Par ailleurs, la Cour juge que la restriction à la liberté d’établissement en cause ne saurait être justifiée ni par la nécessité de garantir la cohérence du régime fiscal national, invoquée par le gouvernement portugais, ni par la nécessité de préserver une répartition équilibrée du pouvoir d’imposition entre les États membres, qu’a fait valoir la Commission européenne. À cet égard, dès lors qu’un État membre a choisi de ne pas imposer les entités établies sur son territoire (4), il ne saurait invoquer la nécessité d’assurer une répartition équilibrée du pouvoir d’imposition entre les États membres afin de justifier l’imposition d’entités établies dans un autre État membre.

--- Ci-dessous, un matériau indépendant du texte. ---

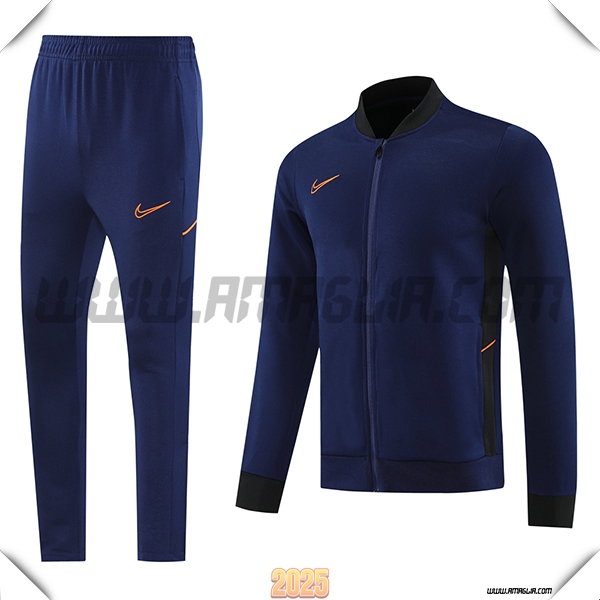 Tuta Calcio Giacca Nike Blu Reale 2025 2026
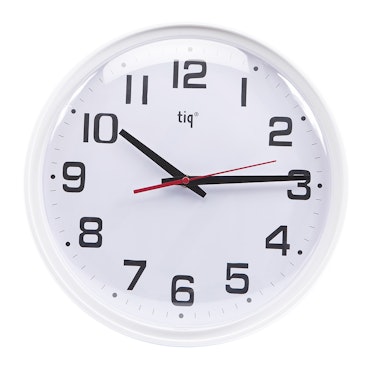 Tiq Väggklocka helt i plast 34,8 cm - F6265R7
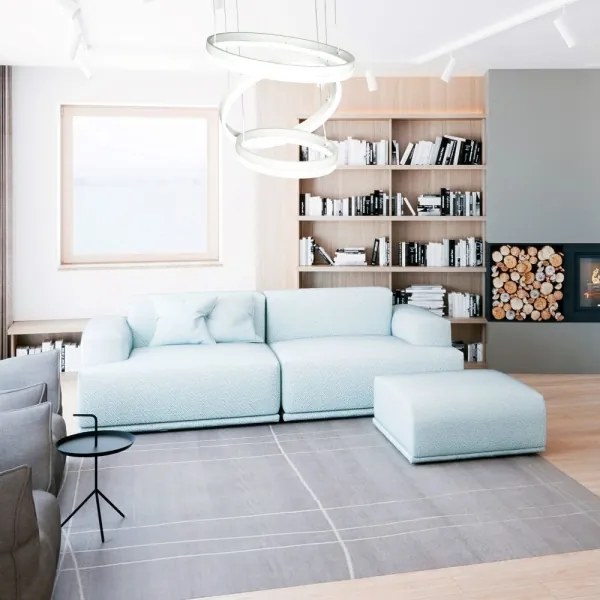 Lustră LED dimabilă pe cablu LED/86W/230V 3000K alb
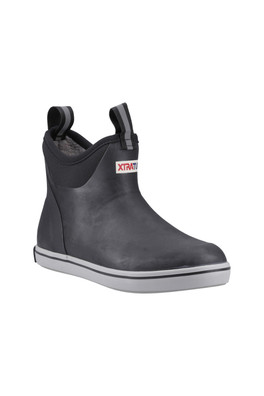 Mens Adb Cold Weather Ankle Deck Boots - Black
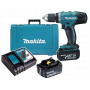 Винтоверт Makita акумулаторен 18 V, 3 Ah, 42 Nm, 1.5-13 мм, DDF453RFE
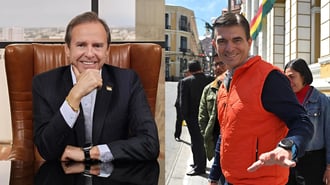El candidato del gubernamental Movimiento al Socialismo (MAS), Eduardo del Castillo, aparece con un 3,1%, al límite del porcentaje requerido para conservar la personalidad jurídica del partido.
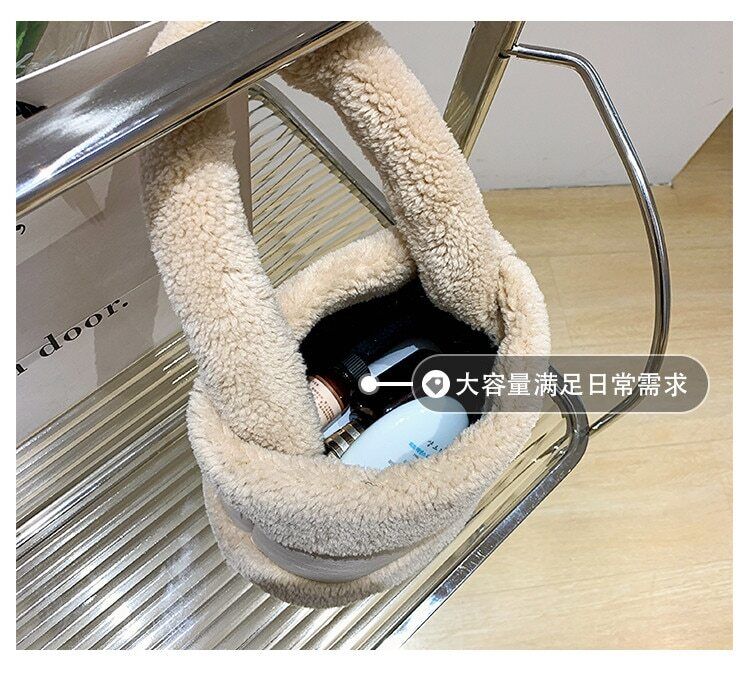 Lamb Wool Women Shoulder Bags Small Handbag Winter Faux Fur Female Hand Bag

1      L’ASSB est dû notamment sur le passif établi et approuvé par les assujettis après déduction.


2      Directive 2014/59/UE du Parlement européen et du Conseil, du 15 mai 2014, établissant un cadre pour le redressement et la résolution des établissements de crédit et des entreprises d’investissement et modifiant la directive 82/891/CEE du Conseil ainsi que les directives du Parlement européen et du Conseil 2001/24/CE, 2002/47/CE, 2004/25/CE, 2005/56/CE, 2007/36/CE, 2011/35/UE, 2012/30/UE et 2013/36/UE et les règlements du Parlement européen et du Conseil (UE) no 1093/2010 et (UE) no 648/2012 (JO 2014, L 173, p. 190).


3      En l’occurrence, le Tribunal Arbitral Tributário (Centro de Arbitragem Administrativa - CAAD) [tribunal arbitral en matière fiscale (centre d’arbitrage administratif), Portugal].


4      En l’occurrence, la République portugaise a choisi de ne pas imposer les établissements de crédit résidents et les filiales résidentes d’établissements de crédit non-résidents en ce qui concerne les instruments de dette assimilables aux capitaux propres.